With a gypsum requirement of around 10 million t/a in Germany, half of which was covered by gypsum and anhydrite rock and half by FGD gypsum in 2022, around 65% is processed into calcium sulphate building materials and products and around 16% is used as a setting regulator in cement. The most important gypsum products in the construction and building materials industry include plaster of paris, plasterboards and other drywalls, interior plasters and self levelling floor screeds. Other applications can be found in medicine, food and agriculture [2, 3].
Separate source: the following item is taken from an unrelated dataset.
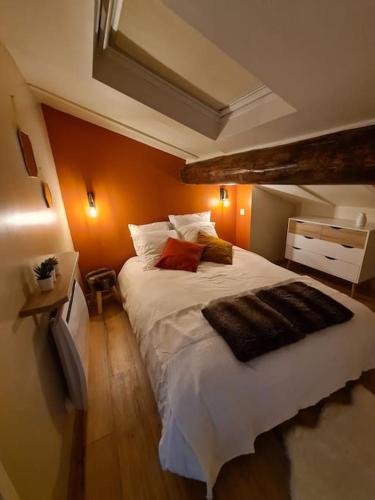 une chambre avec un grand lit blanc avec des murs orange dans l'établissement Magnifique cosy loft au cœur du centre ville, à Saint-Étienne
Gypsum from flue gas desulphurisation (FGD gypsum) will become increasingly scarce due to the shutdown of coal-fired power plants by 2038 [32] (28% less in 2023 than in 2022) [3]. While 50 to 70% of demand could be met by FGD gypsum until 2018, this will fall to only 10-40% by 2050 [18].

 

3.2 Gypsum construction waste and Gypsum recycling

In Germany, a large proportion of gypsum-based building materials are disposed of in landfills at the end of their life, mixed with construction waste [37]. Only some of the gypsum-based construction waste is recorded. This mainly includes plasterboard (GPB) and other gypsum boards from offcuts during installation and the nearly single-type dismantling of drywall components. In 2020, 1.2 million t of dismantled GPB were expected after a life of 40 years, which could double to 2.4 million t by 2040 [52]. In addition, 0.2 to 0.4 million t of GPB offcuts would have to be added (assuming 10-20% of the 2 million t of GPB installed in 2020 and 2023). However, the recorded amount of gypsum waste is only 0.6 to 0.7 million t/a [33]. Of this, 40 to 55% is landfilled (disposed) and the rest is sent for so-called recycling (further use of waste). Some of this is used as sewage sludge cover in neighbouring Eastern European countries (plasterboards from German production is needed in large quantities for the remediation of uranium sludge ponds from uranium processing MAPE in the Czech Republic [4]) or transferred to disused mine tunnels and similar sinks [3, 52].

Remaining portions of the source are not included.